In the wake of the death of two American divers who were left behind on the Great Barrier Reef by the charter boat Outer Edge, the Australian territory of Queensland is set to fully regulate its dive industry.

While the Queensland government has always exercised some regulatory control over Great Barrier Reef dive operators, proposed regulations will legally force boats to keep safety logs to track divers and post special lookouts devoted solely to watching divers. To get certified in Australia, one must present a statement of medical fitness, but the recommendations would now require all snorkelers and resort divers to sign medical declarations. More government inspectors would also be employed to monitor the safety standards across the state.

The American dive industry has always opposed any government intervention into diving practices, unleashing hordes of lobbyists to explain how voluntary industry self-regulation keeps the sport safe.

But Australian authorities believe that voluntary safety guidelines leave tourist divers at risk and note that, in addition to divers Tom and Eileen Lonergan, 25 other divers died in Queensland waters in the past two years.

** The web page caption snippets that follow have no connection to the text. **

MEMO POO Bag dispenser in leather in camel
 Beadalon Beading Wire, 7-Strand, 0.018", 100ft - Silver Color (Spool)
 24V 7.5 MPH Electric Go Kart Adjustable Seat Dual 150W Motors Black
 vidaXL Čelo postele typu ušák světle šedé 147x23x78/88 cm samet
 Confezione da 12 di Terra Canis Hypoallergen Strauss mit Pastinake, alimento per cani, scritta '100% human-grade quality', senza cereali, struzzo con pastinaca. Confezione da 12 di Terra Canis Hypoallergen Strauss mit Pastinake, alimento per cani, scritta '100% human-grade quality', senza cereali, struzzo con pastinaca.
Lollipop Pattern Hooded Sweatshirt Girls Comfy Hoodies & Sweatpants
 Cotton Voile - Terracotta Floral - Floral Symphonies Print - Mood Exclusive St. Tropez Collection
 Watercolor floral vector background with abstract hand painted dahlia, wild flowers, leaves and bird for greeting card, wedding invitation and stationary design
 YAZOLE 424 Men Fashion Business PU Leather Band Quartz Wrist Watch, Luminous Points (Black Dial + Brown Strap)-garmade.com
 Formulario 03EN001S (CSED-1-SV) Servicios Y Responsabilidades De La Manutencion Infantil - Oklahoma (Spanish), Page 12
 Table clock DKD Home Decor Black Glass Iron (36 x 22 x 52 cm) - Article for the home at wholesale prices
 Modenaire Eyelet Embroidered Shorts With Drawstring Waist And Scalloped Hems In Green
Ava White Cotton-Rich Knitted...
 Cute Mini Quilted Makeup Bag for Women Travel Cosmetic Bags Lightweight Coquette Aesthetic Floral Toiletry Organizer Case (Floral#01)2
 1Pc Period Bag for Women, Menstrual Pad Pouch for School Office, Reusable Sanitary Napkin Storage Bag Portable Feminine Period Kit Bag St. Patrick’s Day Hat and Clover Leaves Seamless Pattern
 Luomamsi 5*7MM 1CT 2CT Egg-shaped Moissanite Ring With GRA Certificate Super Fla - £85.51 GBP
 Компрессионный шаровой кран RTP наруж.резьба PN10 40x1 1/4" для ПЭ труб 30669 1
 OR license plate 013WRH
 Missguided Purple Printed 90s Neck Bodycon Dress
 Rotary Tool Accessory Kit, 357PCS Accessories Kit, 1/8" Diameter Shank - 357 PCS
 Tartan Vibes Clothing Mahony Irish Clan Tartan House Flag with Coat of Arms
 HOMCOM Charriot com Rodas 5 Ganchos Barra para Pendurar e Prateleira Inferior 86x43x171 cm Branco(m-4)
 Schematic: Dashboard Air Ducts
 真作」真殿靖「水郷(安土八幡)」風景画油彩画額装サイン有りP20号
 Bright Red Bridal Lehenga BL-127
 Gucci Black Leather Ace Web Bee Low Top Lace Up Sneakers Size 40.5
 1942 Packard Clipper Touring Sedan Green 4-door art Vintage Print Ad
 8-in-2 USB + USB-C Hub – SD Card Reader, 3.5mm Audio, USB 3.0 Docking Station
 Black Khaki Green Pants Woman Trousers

Workplace Health and Safety Chairman Clive Bubb said that, while most of the dive industry is run safely, mandatory regulations were needed to tell dive and snorkeling operators “what they must do, rather than should do.” He strongly supported regulation of the industry to make prosecutions easier.

“There are some operators who may not take their obligations seriously and ... if there’s a regulation that’s mandatory and if they fail to do it, then they could be prosecuted, and it could smarten up their act,” he said.

“We want to make sure that people who come to Queensland to dive and to snorkel believe they are getting the safest recreational experience they can get,” he said.

Australian lawyer Rob Davis, who represented the families of dead American divers, welcomed the recommendations calling for mandatory regulation. “If they really want to tighten up the industry, regular checks on certification should be introduced whereby a diver must undertake a specified number of dives each year, must undergo a medical examination every year to remain current, and must take current log books when they want to dive. It’s not an onerous task because, quite simply, people who are not fit and go diving die. They not only put their lives at risk, but also those of their buddies.”

The mood to regulate diving has spread to Western Australia following the deaths of two Japanese women in separate dive accidents in December.